In order to design an optimal control strategy for the heating, ventilation and air conditioning (HVAC) a good model of the building climate parameters in needed. The focus on such a model should not lie on the physical representation of the buildings thermodynamical properties but on the prediction capabilities of the model. Predicting the evolution of the CO\(_{2}\) concentration is the biggest challenge in this modeling problem. A second application of CO\(_{2}\) models is to combine measurements with model predictions to improve the accuracy of the CO\(_{2}\) sensors or even to replace short sequences of missing data and thereby make the measurement system more robust.
Some attempts have been made to model CO\(_{2}\) in order to design an optimal control strategy. For example in [3] an estimation of the human activity is used to predict the values of CO\(_{2}\) over time.
Currently in the third floor of the Holst Center building in Eindhoven (The Netherlands), several sensors nodes measuring temperature, relative humidity and CO\(_{2}\) monitor the ambient conditions and make sure that the personnel is not subjected to adverse conditions that can affect their well-being and productivity. However it is not uncommon to find a CO\(_{2}\) sensor that is down due to technical problems.

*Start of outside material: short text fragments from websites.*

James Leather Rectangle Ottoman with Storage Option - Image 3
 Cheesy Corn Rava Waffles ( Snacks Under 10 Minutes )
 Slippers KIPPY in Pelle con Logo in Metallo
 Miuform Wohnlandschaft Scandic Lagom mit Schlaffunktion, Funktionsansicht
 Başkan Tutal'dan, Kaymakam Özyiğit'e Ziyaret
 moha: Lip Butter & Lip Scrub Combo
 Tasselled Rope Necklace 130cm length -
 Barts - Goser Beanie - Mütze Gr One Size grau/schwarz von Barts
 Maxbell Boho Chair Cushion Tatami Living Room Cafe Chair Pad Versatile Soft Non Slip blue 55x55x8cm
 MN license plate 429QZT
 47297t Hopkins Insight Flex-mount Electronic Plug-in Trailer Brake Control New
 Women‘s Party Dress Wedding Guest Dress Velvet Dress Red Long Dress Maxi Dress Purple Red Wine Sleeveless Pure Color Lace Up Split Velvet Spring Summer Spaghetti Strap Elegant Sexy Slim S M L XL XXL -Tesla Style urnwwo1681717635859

In this work we propose to use the Least-Squares Support Vector Machines (LS-SVMs) framework to construct nonlinear models that can be used to estimate the CO\(_{2}\) levels when a sensor is down. These models exploit the correlations between CO\(_{2}\) and other variables such as temperature, relative humidity and calendar information of occupancy. Spatial correlations between nearby nodes are also exploited to improve the quality of the CO\(_{2}\) estimates.
This article is organized as follows. Section presents a brief description of the sensor network in the Holst Center building as well as the characteristics of the sensor nodes. In Section, the non-linear modelling approach used in this work is described. Section shows the results of evaluating different model structures under different CO\(_{2}\) estimation scenarios. In Section some concluding remarks are given.
Sensor Network
IMEC-Holst center is currently rolling out a Wireless Sensor Network (WSN) within the IoT framework, capable of measuring air-quality of the environment and communicating this information to a consumer accessible cloud. Each node in the network is a heterogeneous platform containing a variety of sensors for air pollutants (such as CO\(_2\), NO2, PM) and environment monitoring (such as temperature, humidity, sound). The sensor nodes are in-house designed boards at IMEC-NL, which also incorporates the TI SimpleLink Sensor tag CC2650. The board router is a Raspbery Pi, whose primary job is to collect data from the sensor nodes in the network. The Figure 1 does not depict this node, since the board router is not equipped with sensors. The IMEC-Holst center platform is designed to be customizable, wherein the number of nodes can be extended and in a given node, desired air quality sensors can be chosen prior to deployment. Such a network offers spatio-temporal information on the air-quality of the environment, which must be processed efficiently for desired feature extraction. In such networks, one of the key challenges is to estimate CO\(_{2}\) levels when the sensor data is untrustworthy.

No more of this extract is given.